Data shown:

--- START ---

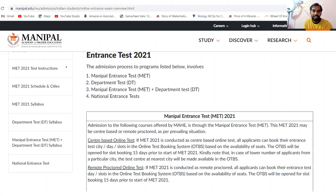So, MET — Manipal Entrance Test — includes a Departmental Test, MET plus DT, and a National Entrance Test. There are four categories here. The most important thing is that the National Entrance Test is managed by NTA, and all the details are available for us.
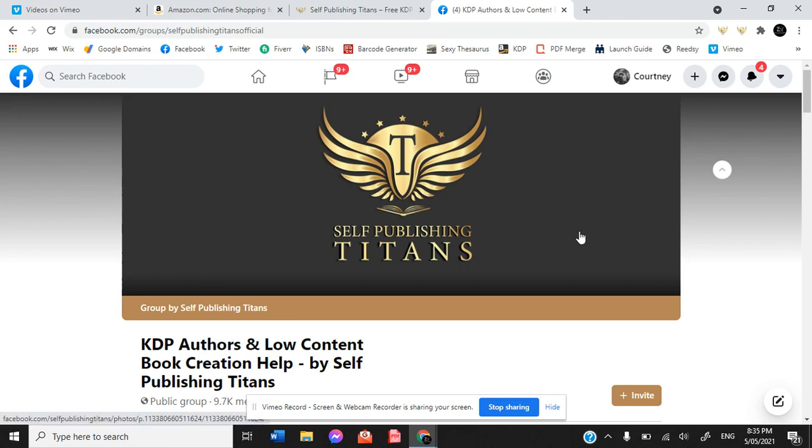So welcome to Self-Publishing Titans. This is where I found them. They are a Facebook page and I joined their group: KDP Authors and Low Content Book Creation Help by Self-Publishing Titans.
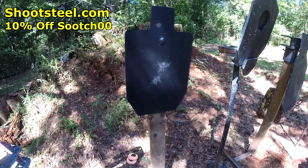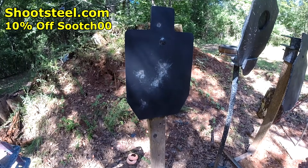Thanks to ShootSteel.com for providing the targets. You can get a 10% discount using code Suits00 at ShootSteel.com.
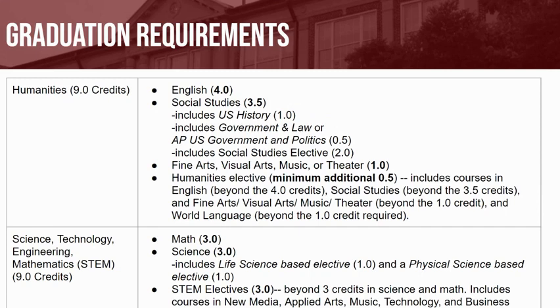On the screen you will see a breakdown of these 25 credits. You will need to earn 9 credits in the Humanities Bucket. Specifically, you will be required to take 4 credits of English — 1 credit each year — 3.5 credits of Social Studies, which must include 1 United States History credit, 1 half credit of Civics (either Government and Law or AP U.S. Government and Politics), as well as 2 more years of Social Studies, 1 credit of Fine Arts, New Media, Music, or Theater, and 1 additional half credit in the Humanities Elective, which is a course beyond those already required.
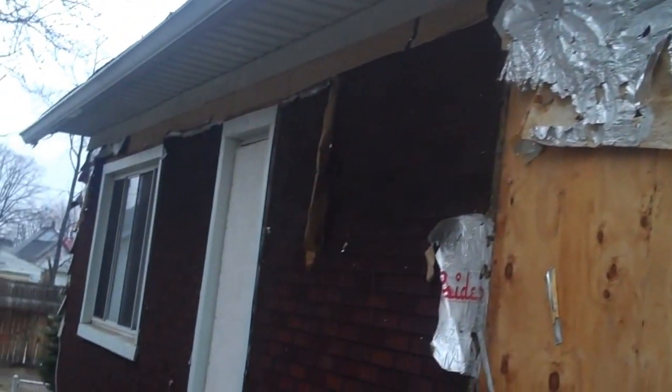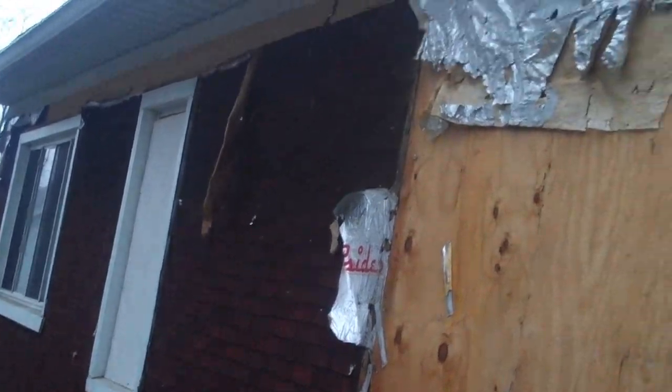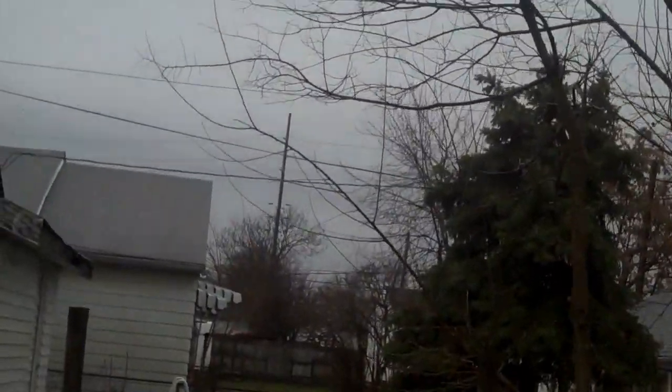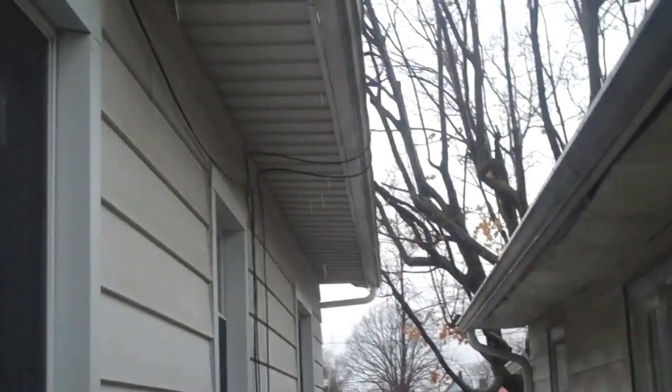Here's the side of the house. You have some downspouts that also need replacing. Soffits look good. They've got downspouts and siding on one side — they left the siding intact on this side.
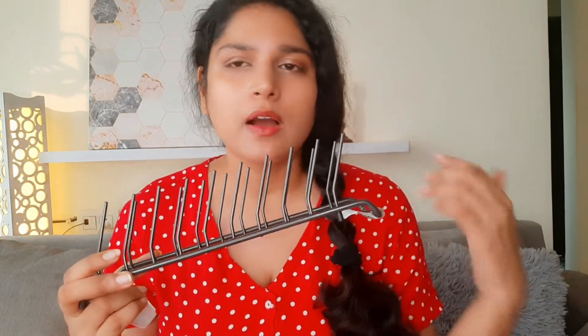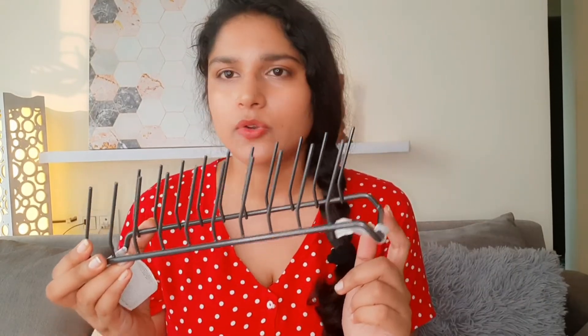The next item is this plate holder, which was only 299 rupees. You can use it to store plates, and I thought it would be useful since our kitchen is a bit small. But right now I don't really need it for plates. However, you can also use it to store your eyeshadow palettes — that would look great on this holder.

--- END ---

The problem: The listing must be repeated word for word, and none of its pictures may appear in the copy.

Solution for this task:
So, MET — Manipal Entrance Test — includes a Departmental Test, MET plus DT, and a National Entrance Test. There are four categories here. The most important thing is that the National Entrance Test is managed by NTA, and all the details are available for us.
So welcome to Self-Publishing Titans. This is where I found them. They are a Facebook page and I joined their group: KDP Authors and Low Content Book Creation Help by Self-Publishing Titans.
Thanks to ShootSteel.com for providing the targets. You can get a 10% discount using code Suits00 at ShootSteel.com.
On the screen you will see a breakdown of these 25 credits. You will need to earn 9 credits in the Humanities Bucket. Specifically, you will be required to take 4 credits of English — 1 credit each year — 3.5 credits of Social Studies, which must include 1 United States History credit, 1 half credit of Civics (either Government and Law or AP U.S. Government and Politics), as well as 2 more years of Social Studies, 1 credit of Fine Arts, New Media, Music, or Theater, and 1 additional half credit in the Humanities Elective, which is a course beyond those already required.
Here's the side of the house. You have some downspouts that also need replacing. Soffits look good. They've got downspouts and siding on one side — they left the siding intact on this side.
The next item is this plate holder, which was only 299 rupees. You can use it to store plates, and I thought it would be useful since our kitchen is a bit small. But right now I don't really need it for plates. However, you can also use it to store your eyeshadow palettes — that would look great on this holder.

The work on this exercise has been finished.